Saturday, March 23, 2013

Creative Resolution of Moral Dilemmas

In Rushmore Kidder’s 1995 book “How Good People Make Tough Choices”, Mr. Kidder claims that inventiveness and human progress have created ethical issues that never existed before. (ie only a computer age would need to be concerned with unlicensed copying and global pirating of Intellectual Property.) This has brought to the fore the need to understand and deal with a range of new ethical dilemmas.


He points out that the 21st Century is expected to bring to a head six issues, all except the final one already firmly on the radar screen:


- nuclear threat
- environmental degradation
- population explosion
- North-South economic gap between developed and developing worlds
- need for education reform
- breakdown of morality


The surprise entry about morality highlighted that ethics are considered not just a luxury, but central to human and planetary survival. Ethics define how we are engaged and participate in our communities- how we behave in daily interactions with others. How are we to both ‘hold a point of view true to ourselves’ while simultaneously ‘being tolerant of others’ points of view’ without slipping into insipid relativism? Tough question requiring energetic self-reflection, which I can’t say we as a species are terribly good at.

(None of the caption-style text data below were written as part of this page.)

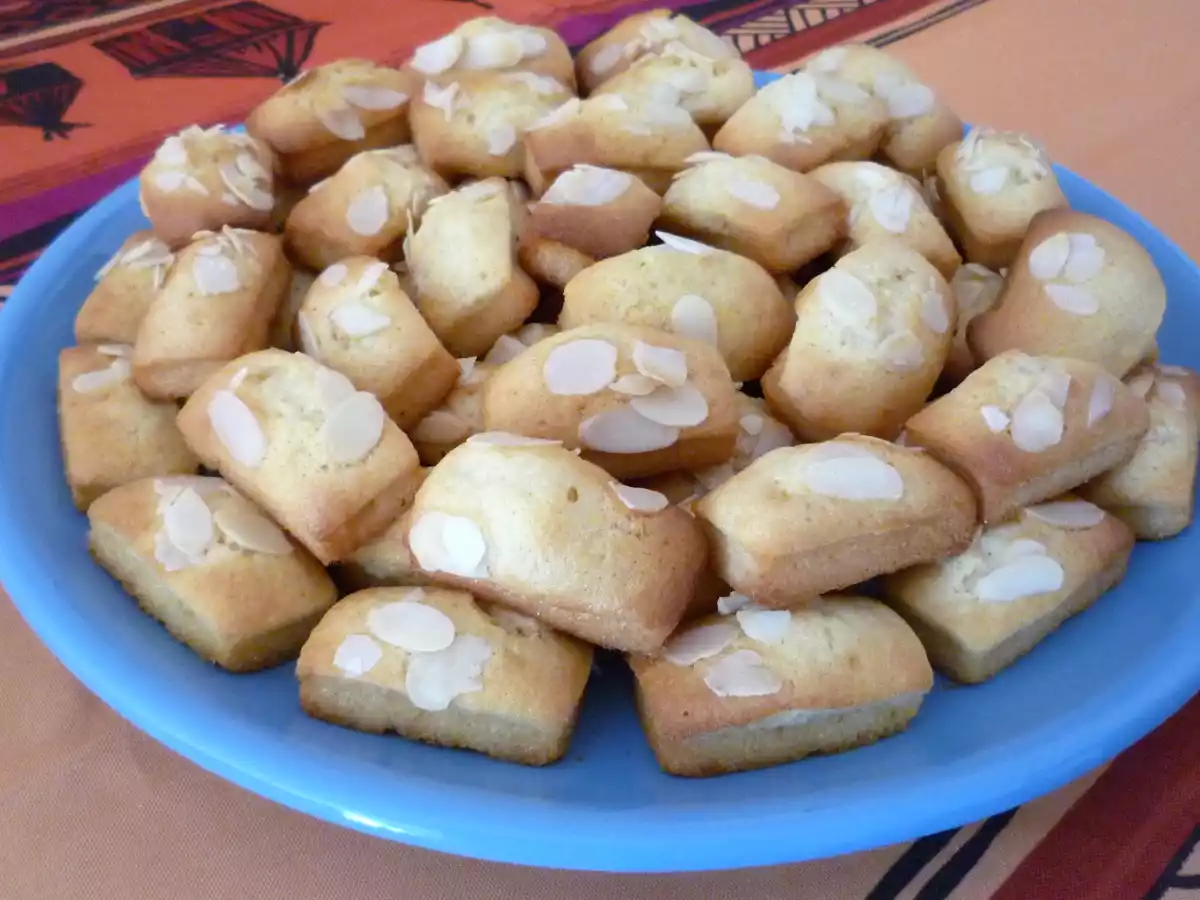 Mini cakes miel-amandes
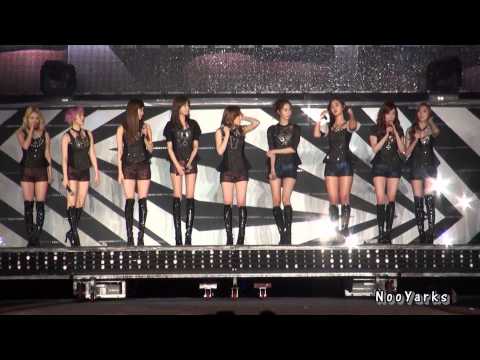 [Fancam] 121125 Girls' Generation (소녀시대) - Introduction+Talk #SMTBKK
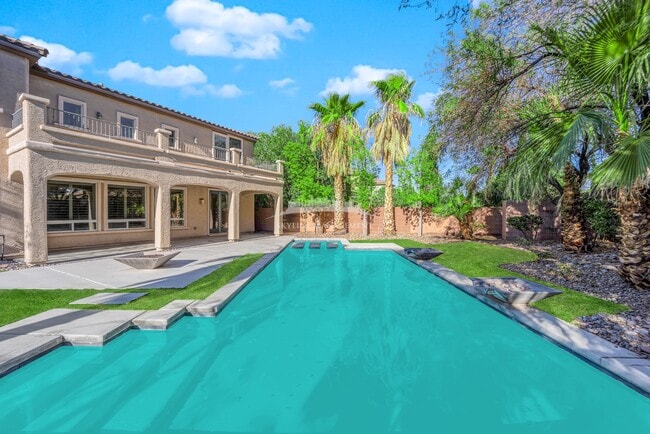 Building Photo - 8445 Cambrils Ave
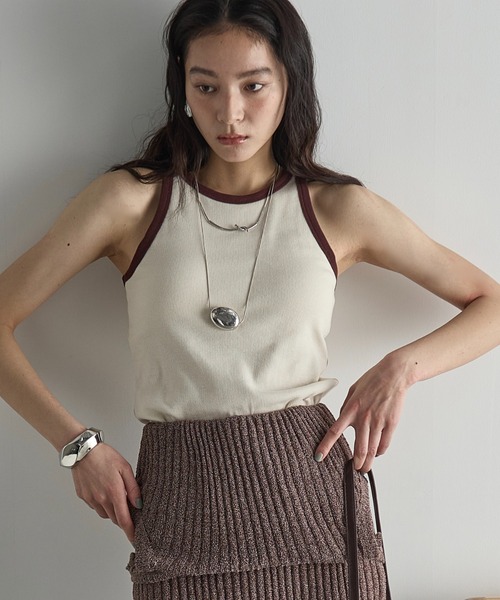 THE YOn（ザヨン）の「カップ付きバイカラーアメスリタンク（タンクトップ・レディース・アッシュブラウン/アイボリー/グレイッシュベージュ/サックスブルー・FREE）」の5枚目の写真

One fascinating distinction to me was that between ‘right and right’ and ‘right and wrong’. Kidder believes that the trickier dilemma of ‘right vs right’ involves one of these four basic core values (his ultimate choice being the one in CAPS) as higher order:


- TRUTH vs. loyalty
- individual vs. COMMUNITY
- Short-term vs. LONG-TERM
- Justice vs. MERCY


He claims that any dilemma falling outside these parameters will be a right vs. wrong and thus an easier choice in relative terms.


Resolutions come when patterns are recognized leading to prior examples in similar patterns, when extraneous details strip the issue to its essence, and when creative new ways are designed that divert from going head-on into the dilemma by finding an acceptable alternative way out. To pull this off, we must remain mindful, a key characteristic of a successful moderation and mediation of our clash of values in the intense, communicative global world of the 21st century.


Guess we need some serious ‘energetic self-reflection’ to let all this sink in and to design effective creative resolutions to sticky ethical dilemmas!